Flat, ploughed field under a cloudy sky, creating a calm and sombre mood. Furrows stretch to the horizon, bordered by distant trees.

THE FALLOW YEARS


The farmers knew. You can't plant the same crop year after year and expect the land to keep giving. Every three years, you let the ground lie fallow - not abandoned, not wasted, but resting. Regenerating. Preparing to yield more than it could have otherwise.


I understand this intellectually. I apply it with my clients. I'm struggling to apply it to myself.

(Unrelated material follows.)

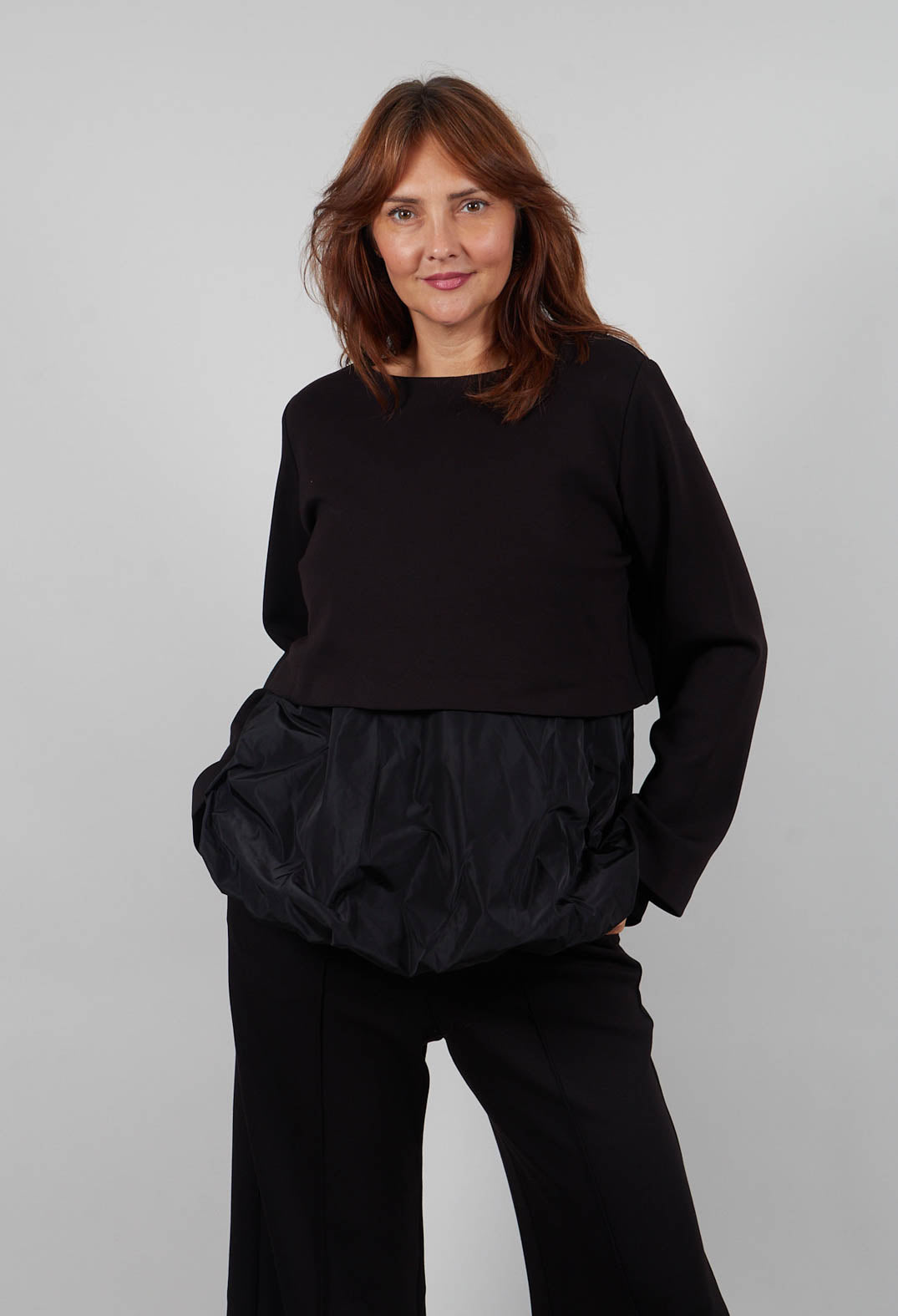 Peplum Top in Nero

Many of you reading this will recognise the type. Driven. A 'get-stuff-done' person. Perhaps impatient. The kind who sees busy people and reads that as success - always give a task to a busy person, they're the ones who deliver. That is how I have always seen myself. I am a doer. I am an achiever. I am, I admit, the person who takes their iPhone to the bathroom.


And yet.


I did enough sport in my twenties to know that you shouldn't push hard every day. If you want to keep improving, you need rest days. The science today is even clearer: peak performance comes from intensity once or twice a week, not relentless effort. The rest of the time? Steady state.


So here is my question - to myself, and to you: when do you give yourself time to lie fallow?


I can point to one place I do this well. Before every coaching session, I take fifteen minutes to clear my mind and prepare to be fully present. It is a form of fallow - and without it, I cannot do my best work. I know that with certainty.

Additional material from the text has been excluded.